Peanut Butter Cookie Dough

How To Make Peanut Butter Cookies:

So, how to make peanut butter cookies? Simply…

  1. Prep your oven and cookie sheet. 350˚F and parchment paper.
  2. Combine dry ingredients. Whisk together flour, baking powder, baking soda, cornstarch and salt.
  3. Mix the wet ingredients. In an electric mixer fitted with the paddle attachment, beat together the softened butter, granulated sugar and brown sugar on medium speed until light and fluffy (about 2-3 minutes). Mix in peanut butter until it is incorporated and smooth. Add vanilla and eggs, one at a time, scraping the bowl down after each addition.
  4. Add in the dry ingredients. Reduce mixer speed to low and slowly add dry ingredients until they are just incorporated and the batter is smooth, being careful not to over-mix.
  5. Form your dough balls. Form the dough into 1.5-tablespoon round balls and place on the prepared baking sheet. (If you’d like, you can roll each of these balls in a bowl of granulated sugar before adding them to the baking sheet.)  Press a criss-cross pattern into each dough ball with a fork to flatten slightly, being sure that each dough ball is at least 2 inches apart.
  6. Bake. For about 10-12 minutes, until the edges are golden brown and the centers are slightly puffy. Remove from the oven, and then transfer the cookies to a cooling rack to cool.
  7. Enjoy! Serve warm, or store in a sealed container for up to 4 days. Or freeze for up to 3 months.

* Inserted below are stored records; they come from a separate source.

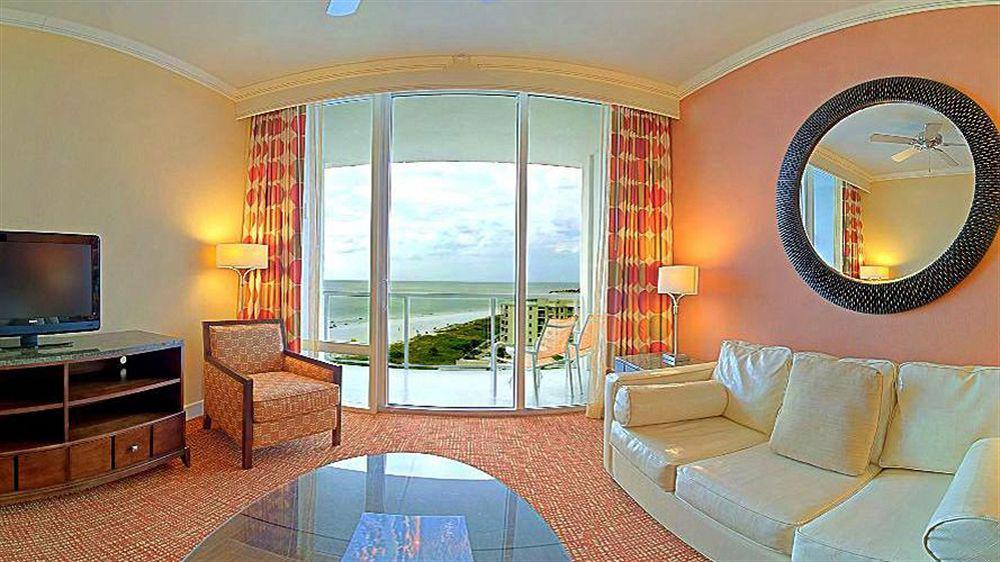 By Marriott St. Petersburg Treasure Island 3*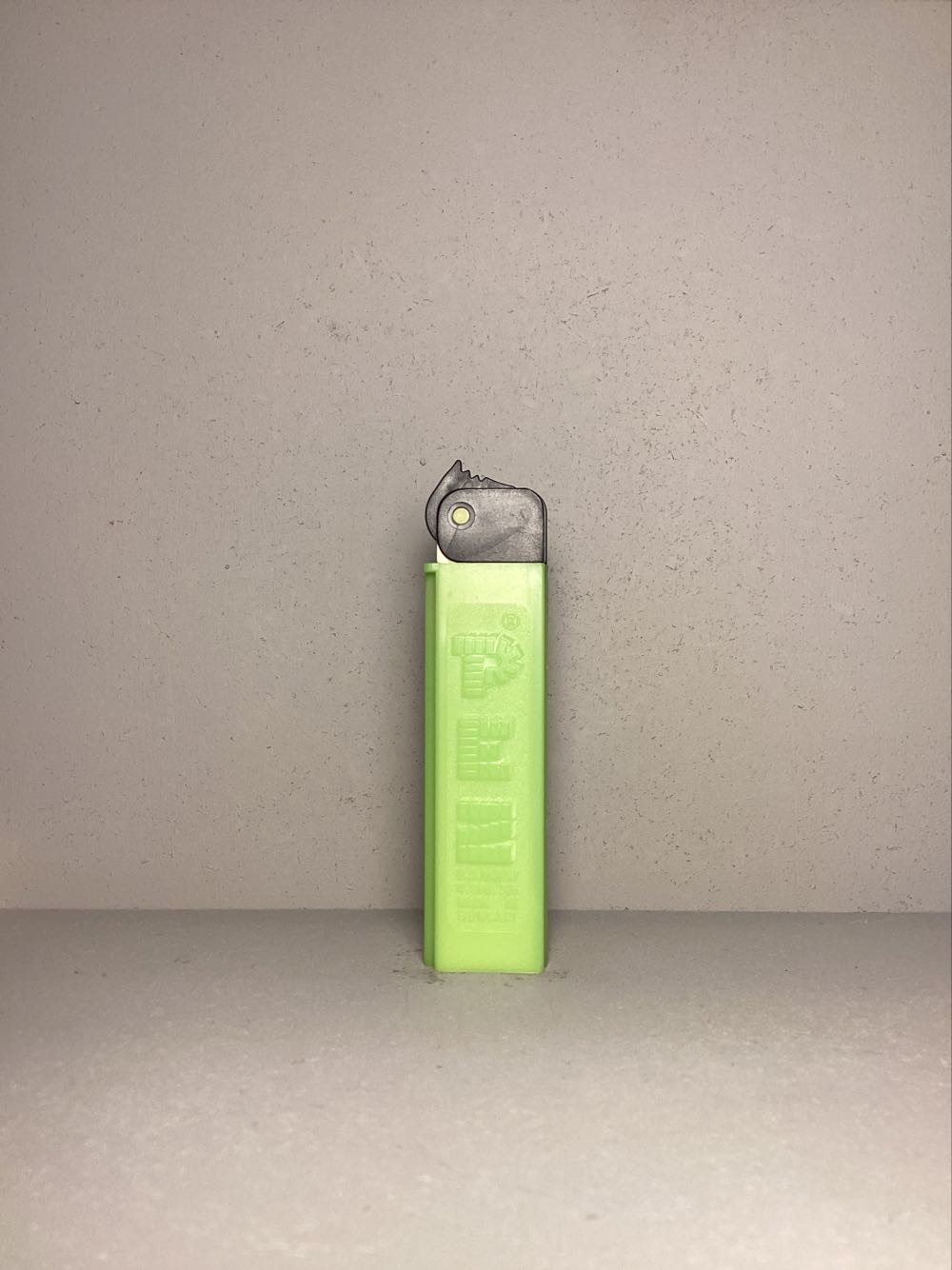 Regular-Retro - REGULARS pez collectible - Main Image 2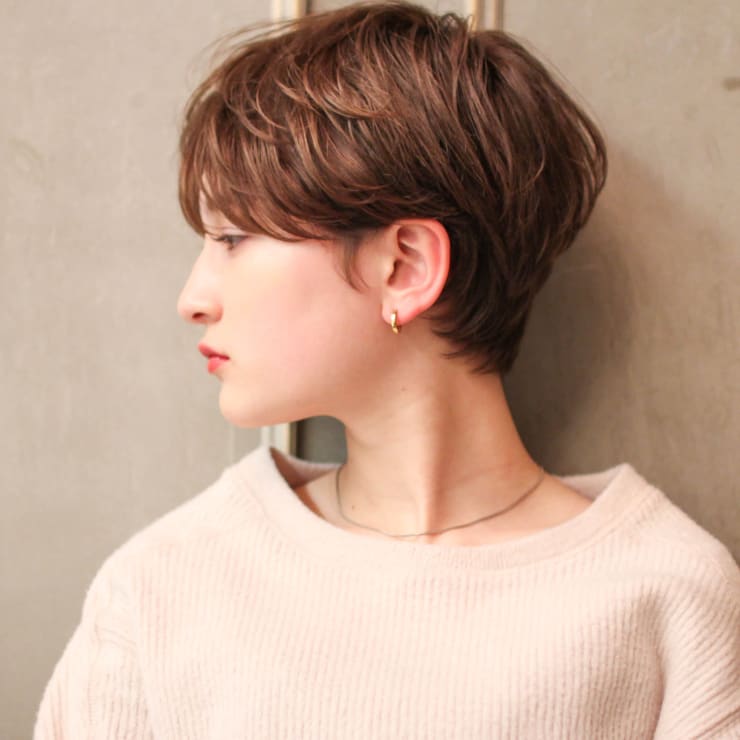ハンサムショート 大人かわいい センター分け ひし形 耳かけ Circus By Beautrium 青山 サーカスバイビュートリアム アオヤマ のヘアスタイル 美容院 美容室を予約するなら楽天ビューティ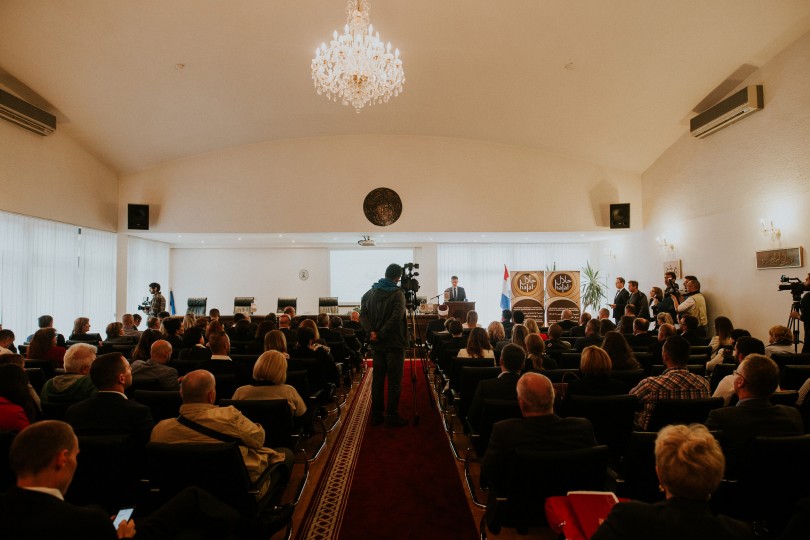 100 halal certifikata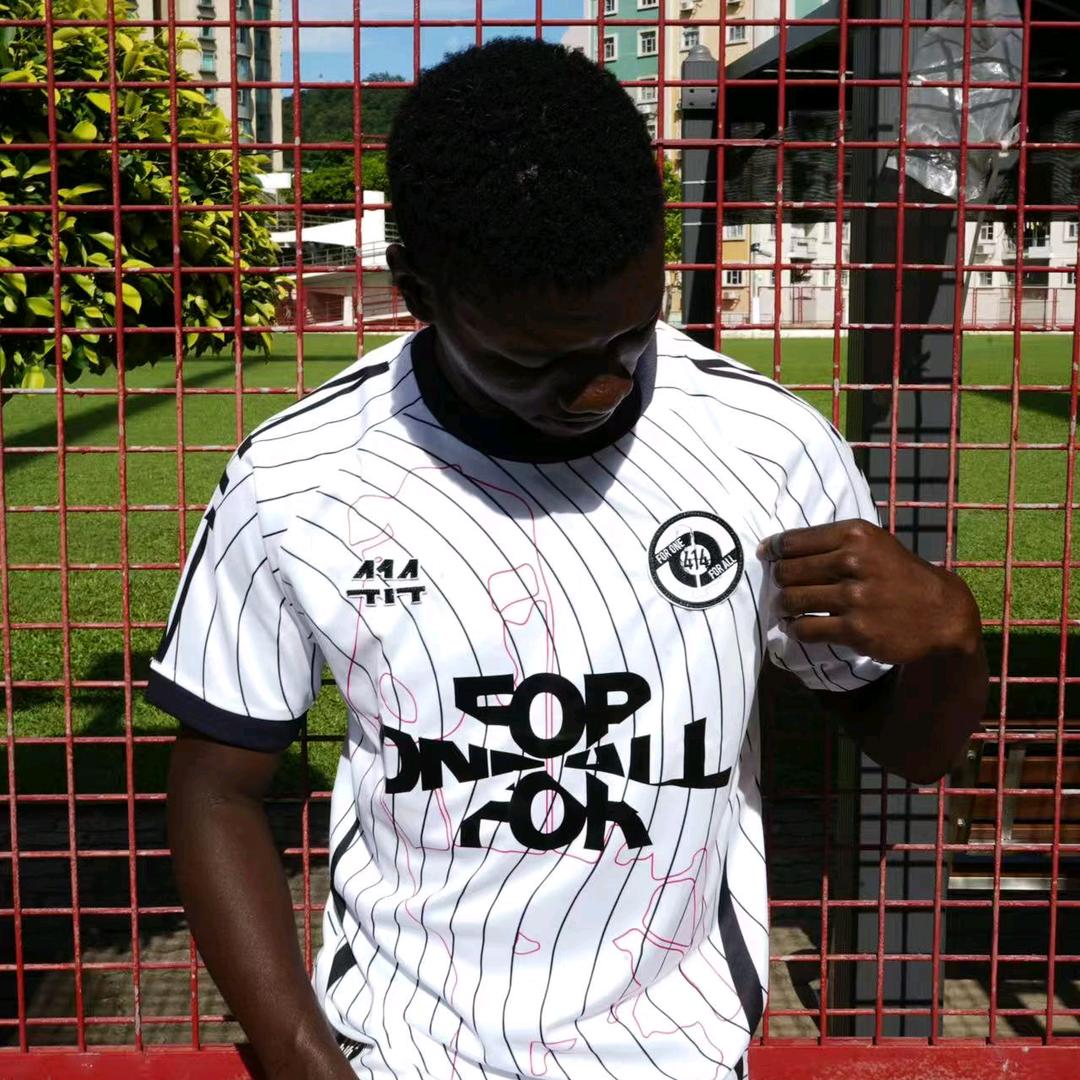 非洲伤风铁打油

How To Make Peanut Butter Cookies

Possible Variations:

Feel free to add in some:

  • Chocolate chips: Semisweet, dark, white, normal-sized, mini-sized…any kind. :)
  • Cinnamon chips: I’m a big fan of mixing cinnamon and peanut butter in this recipe.
  • Nuts: Chopped walnuts, pecans, almonds, or even extra chopped peanuts would be delicious in these cookies.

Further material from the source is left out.